You can see from Figure 1 and 2 that at 128 processors the hybrid methods
are mainly slower than PHG and less accurate than RCB: both results are
the inverse of what we had hoped. There was better news looking at where
the processes were taking their time though:

%timer breakdowns for 128
\begin{figure}[hgp]
  \centering
  \includegraphics[width=\textwidth, height=70mm]{128_breakdown_percent.pdf}
  \caption{Timing by percentage on 128 processors (UL, Shockstem 3D; UR,
  Shockstem 3D -- 108; LL, RPI; LR, Slac1.5}\label{fig:Percent_np_128}
\end{figure}

The dramatic decrease in the matching time meant that RCB was, indeed,
helping on that front.

When we ran our simulations in serial, however, we saw some very different
results:

%times, cutl
\begin{figure}[hgp]
  \centering
  \includegraphics[width=\textwidth, height=80mm]{2_time.pdf}
  \caption{Runtimes in serial on 2 processors}\label{fig:Times_np_2}
\end{figure}


%NEED cutl @ 128 PROCS
\begin{figure}[hgp]
  \centering
  \includegraphics[width=\textwidth, height=70mm]{2_cutl.pdf}
  \caption{Cuts in serial on 2  processors}\label{fig:Cuts_np_2}
\end{figure}

In general the hybrid times beat the PHG times, and the hybrid cuts beat
the RCB cuts.

%time breakdowns for 2
\begin{figure}[hgp]
  \centering
  \includegraphics[width=\textwidth, height=70mm]{2_breakdown_percent.pdf}
  \caption{Timing by percentage on 2 processors (UL, Shockstem 3D; UR,
  Shockstem 3D -- 108; LL, RPI; LR, Slac1.5}\label{fig:Percent_np_2}
\end{figure}

Looking at individual timers in this serial run, we can see that RCB has
still drastically reduced the matching time. In addition, the slowdown in
the coarse partitioning has been greatly reduced.

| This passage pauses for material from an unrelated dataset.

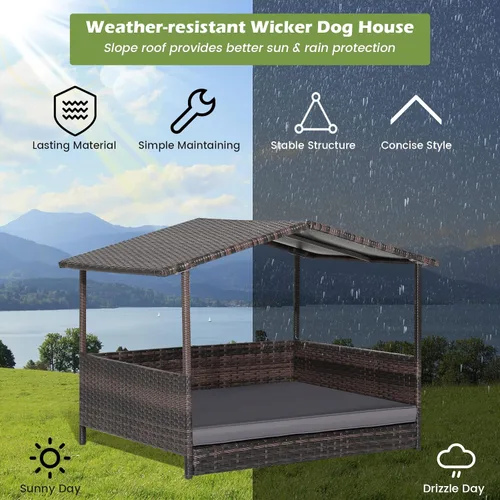 Vista 9 de Tangkula Casa de mimbre para perros, cama elevada de ratán para interiores y exteriores con cojín extraíble, funda lavable, techo impermeable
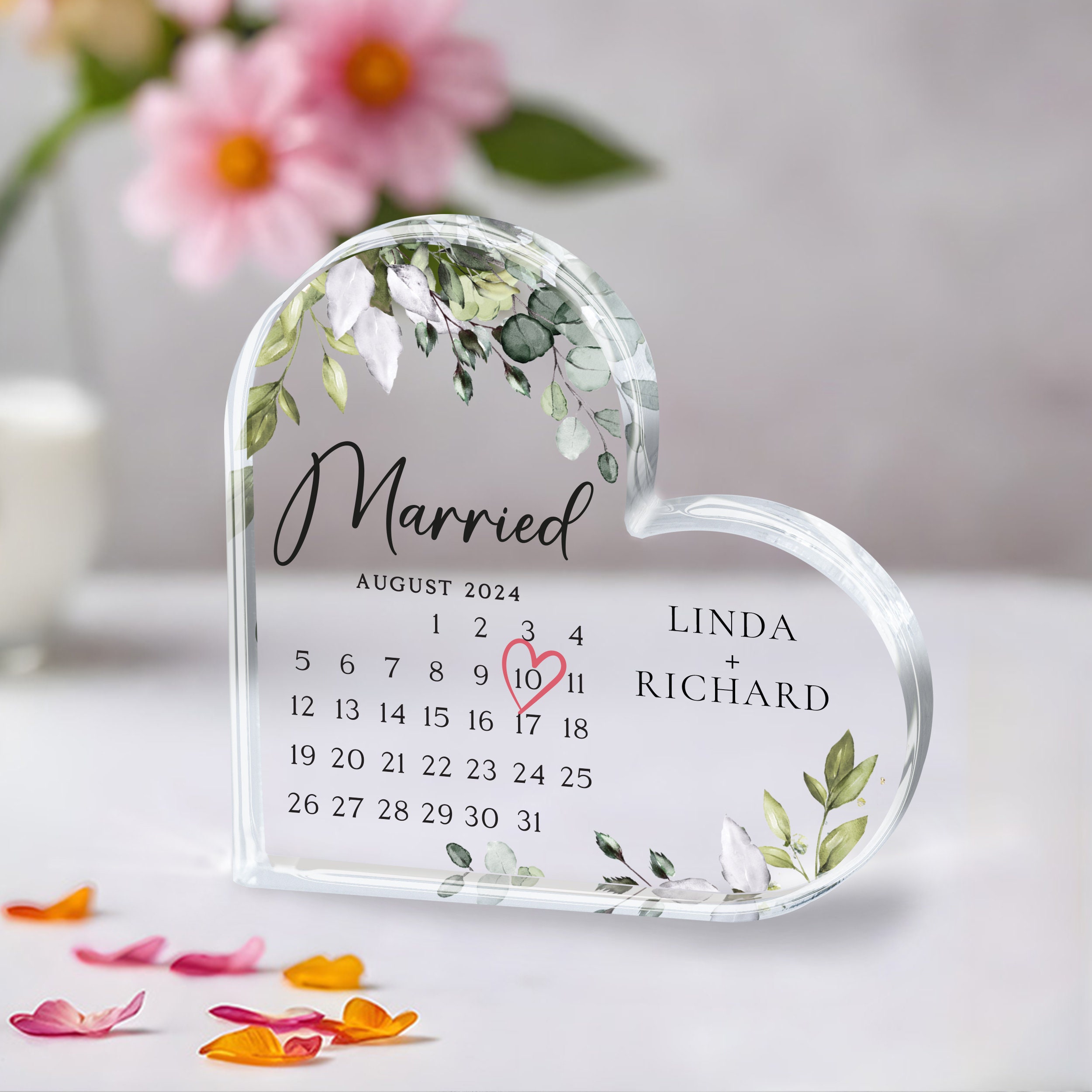 Hochzeits-Plakette »Married« (Acryl)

\section{Conclusion and discussion}
The parallel implementation of hybrid partitioning is obviously not
functioning as desired, but we believe that there is ultimately a great
deal of promise in this method. Seeing the results from our serial runs
is encouraging, and it would be worth the effort to continue forward.

Perhaps it would be helpful to check for any communication issues arising
between processors. The whole system could potentially drag, was a
single processor waiting for a message. Additionally, Dr. Catalyurek had
suggested only using RCB-based coarsening on the largest, most complex
hypergraphs, and then revert to standard agglomerative matching for
coarser iterations.

At this moment, there could be four different ways to use Dr. Catalyurek's
method: the first, and perhaps simplest of the three, would be to hardwire
in the number of coarsening levels to give to RCB. A second way would be
to define a new parameter to allow the user to select the number of
RCB-based coarsenings. A third would be to write a short algorithm to
determine and use the optimal number of layers based off of the input.
Finally, there could be an option of user input, with a default to
be either of the other ways.

\begin{thebibliography}{5}

\bibitem{Catalyurek}U.V. Catalyurek, E.G. Boman, K.D. Devine, D. Bozdag,
  R.T. Heaphy, and L.A. Riesen. \emph{A Repartitioning Hypergraph Model
    for Dynamic Load Balancing.} Sandia National Labs, 2009.

\end{thebibliography}

{\small \noindent August 2011.}
\end{document}